Binlerce Filistinli Gazze'de intikam sloganları atarak yürüdü.
HAMAS yetkilileriyse İsrail'in bu suikastle, 'cehennemin kapılarını açtığını' söyledi.
Abdülazİz el Rantİsİ suikasti
İsrail helikopterinin 17 Nisan 2004 tarihinde Gazze'de bir araca düzenlediği füze saldırısında HAMAS lideri Abdülaziz el Rantisi ve iki koruması öldürüldü.
HAMAS liderliği saklanmaya başladı ve Rantisi'nin halefinin kimliği gizli tutuldu.
Suikast, Şeyh Ahmed Yasin'in öldürülmesinin ardından Gazze'de HAMAS liderliğini devralmasından kısa bir süre sonra gerçekleşti.
Salih el Aruri suikastı
Beyrut'un güney banliyölerinden Dahiye'de 2 Ocak 2024'te İsrail'e ait bir insansız hava aracıyla düzenlenen saldırıda HAMAS'ın siyasi kanadının üst yönetimindeki Salih el Aruri öldürüldü.
Aruri aynı zamanda HAMAS'ın askeri kanadı Kassam Tugayları'nın da kurucusuydu.
İsmail Haniye suikastı
HAMAS Siyasi Büro Başkanı İsmail Haniye, İran’da cumhurbaşkanı seçimini kazanan Mesud Pezeşkiyan'ın yemin törenine katılmak üzere bulunduğu Tahran'da 31 Temmuz’da suikasta uğrayarak şehid oldu.

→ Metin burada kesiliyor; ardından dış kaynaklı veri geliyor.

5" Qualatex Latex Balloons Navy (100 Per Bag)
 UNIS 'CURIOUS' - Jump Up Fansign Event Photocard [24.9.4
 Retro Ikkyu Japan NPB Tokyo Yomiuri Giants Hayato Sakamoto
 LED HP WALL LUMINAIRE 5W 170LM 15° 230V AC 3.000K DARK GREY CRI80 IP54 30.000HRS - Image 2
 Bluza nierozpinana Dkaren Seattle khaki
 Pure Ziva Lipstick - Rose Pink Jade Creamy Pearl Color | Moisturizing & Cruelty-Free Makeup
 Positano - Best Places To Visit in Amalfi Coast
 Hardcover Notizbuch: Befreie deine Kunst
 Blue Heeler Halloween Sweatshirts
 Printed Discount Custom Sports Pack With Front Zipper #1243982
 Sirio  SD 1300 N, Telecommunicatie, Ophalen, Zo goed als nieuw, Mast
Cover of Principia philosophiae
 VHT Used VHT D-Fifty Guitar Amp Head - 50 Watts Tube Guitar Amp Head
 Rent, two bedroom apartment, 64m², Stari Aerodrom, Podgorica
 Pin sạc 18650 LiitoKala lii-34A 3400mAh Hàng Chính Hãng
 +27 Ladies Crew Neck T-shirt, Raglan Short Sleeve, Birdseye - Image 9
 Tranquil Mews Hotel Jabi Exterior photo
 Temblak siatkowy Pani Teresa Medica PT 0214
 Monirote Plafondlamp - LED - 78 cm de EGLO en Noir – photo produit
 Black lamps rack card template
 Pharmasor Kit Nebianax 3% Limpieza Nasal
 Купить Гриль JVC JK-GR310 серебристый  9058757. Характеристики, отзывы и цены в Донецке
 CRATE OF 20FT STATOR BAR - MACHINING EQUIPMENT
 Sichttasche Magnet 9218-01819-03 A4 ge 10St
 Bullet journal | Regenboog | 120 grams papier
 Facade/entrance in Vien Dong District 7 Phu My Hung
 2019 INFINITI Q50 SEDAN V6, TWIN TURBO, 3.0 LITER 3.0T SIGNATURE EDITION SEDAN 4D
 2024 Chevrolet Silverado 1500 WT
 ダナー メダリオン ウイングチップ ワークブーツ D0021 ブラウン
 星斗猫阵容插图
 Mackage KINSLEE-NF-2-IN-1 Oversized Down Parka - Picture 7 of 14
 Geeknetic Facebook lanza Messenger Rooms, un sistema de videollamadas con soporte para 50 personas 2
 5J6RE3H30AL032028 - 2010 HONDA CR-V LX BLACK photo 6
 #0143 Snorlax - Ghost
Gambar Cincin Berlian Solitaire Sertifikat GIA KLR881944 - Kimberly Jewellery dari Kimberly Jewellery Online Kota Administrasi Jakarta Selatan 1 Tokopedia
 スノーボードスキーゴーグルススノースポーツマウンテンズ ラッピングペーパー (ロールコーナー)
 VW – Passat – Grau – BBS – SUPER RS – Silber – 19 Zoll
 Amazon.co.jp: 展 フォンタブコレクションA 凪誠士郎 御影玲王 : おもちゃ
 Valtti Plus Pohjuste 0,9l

Haniye'nin naaşı Tahran'da düzenlenen cenaze töreninin ardından uzun yıllardır kendisine ev sahipliği yapan Katar’a nakledildi.
Cuma günü Katar’ın en büyük, Vahhabiliğin kurucusu İmam ibn Abdulvehhab’ın ismini taşıyan camisinde kılınan cenaze namazının ardından Katar'ın ikinci büyük şehri Lusail'deki mezarlığa defnedildi.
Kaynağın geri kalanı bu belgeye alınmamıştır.